The film becomes a compelling clash of tempers between two men who firmly believe they are both doing the right thing. The film is careful to throw up the fundamental lack of compatibility between the two from the start, even if it is tinged with respect. Their backgrounds, methods of discipline even ways of thinking about their role are different. There is an unspoken racial tension under the film, not because anyone in it is racist, but rather as Washington’s Hunter represents all round a newer America (an educated Black-American officer) that makes Hackman’s naval old hand feel like a relic of Cold War thinking.

But the film is, at heart, sympathetic towards both men, and probably places more blame on the system (an Admiral later reassures us both men were both right and wrong).

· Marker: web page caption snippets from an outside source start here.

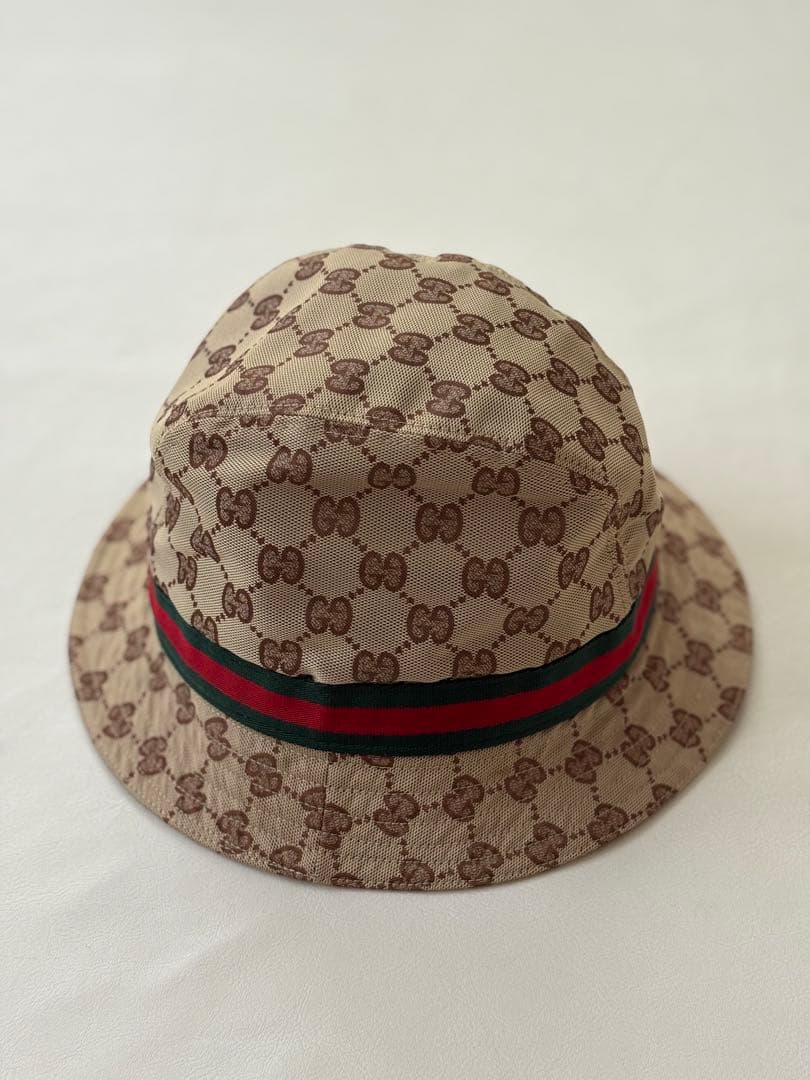 【美品】GUCCI GGキャンパス シェリーライン バケットハット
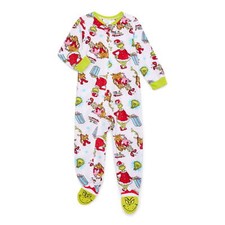 The Grinch Toddler Boys Girls Fleece 1-PC Footed Sleepwear Blanket Sleeper 2T-5T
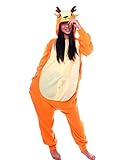 SAMGU Tier Onesie Pyjama Cosplay Kostüme Schlafanzug Erwachsene Unisex Animal Tieroutfit tierkostüme Jumpsuit Hirsch(Größe XL)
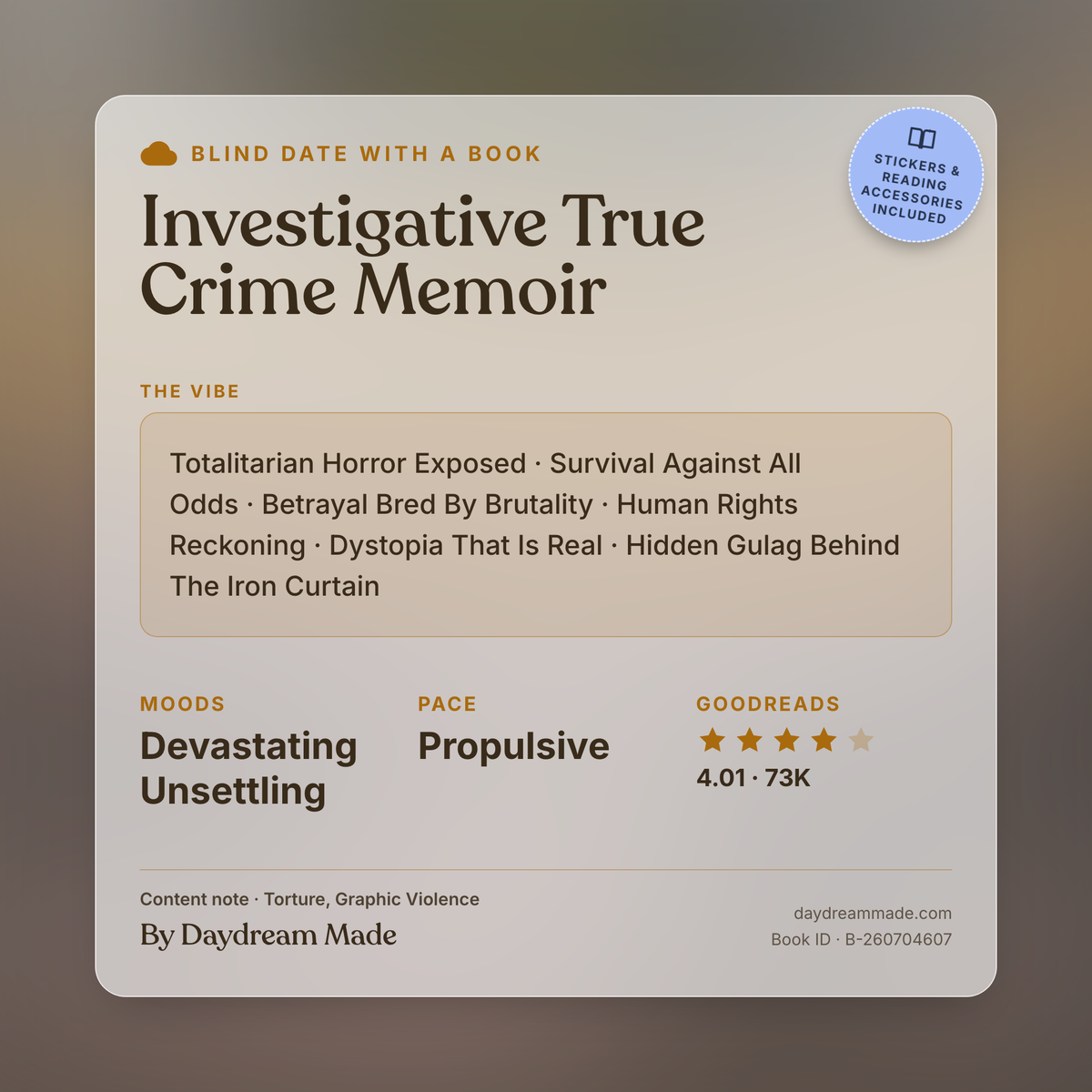 Blind Date With A Book that includes the following themes: Investigative True Crime Memoir, Totalitarian Horror Exposed, Survival Against All Odds, Betrayal Bred By Brutality, Human Rights Reckoning, Dystopia That Is Real, Hidden Gulag Behind The Iron Curtain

Scott’s film with its expected flashy style (Scott loves the stark red lighting of the sub at alarm, mixed with the blaring greens of radar screens and the cool blues of sub interiors) gets a wonderful sense of the claustrophobia affecting decisions. Every character is a sweaty mess, while the sub seems to spend half the movie at an angle, forcing the crew to virtually pull themselves through it. 

The final hour takes place almost in real time, and covers the pressure cooker of men forced to make world-destroying decisions, cut-off under the ocean from any idea of what’s going on in the world, in extreme temperatures on little sleep. It’s a world of butch extreme masculinity – another way that makes Washington’s more cultured Hunter seem strangely other. Sweat pours off the men (the camera frequently focuses in on sweat-dripping faces). The officers of the ship generally come out badly, with Viggo Mortensen in particular a weak-willed man flip-flopping from side-to-side during the various changes of command on the sub. Many of the rest think little about what they are doing, and it’s telling Washington is largely supported by non-commissioned officers and regular sailors. Perhaps that’s where the true heart of America lies.

The film was written by a smorgasbord of writers (Robert Towne wrote much of the Hackman/Washington arguments at short notice, while Quentin Tarantino polished up much of the rest of the dialogue – no wonder it’s sprinkled with pop culture references). Initial support from the navy was cut off after Bruckheimer confessed the film was not about a HAL style computer trying to launch missiles, but a potential mutiny on a submarine and a feud between its two senior officers. Scott’s front-and-centring of the human drama between two great actors is what makes the film work – and take its place as one of the classic submarine movies.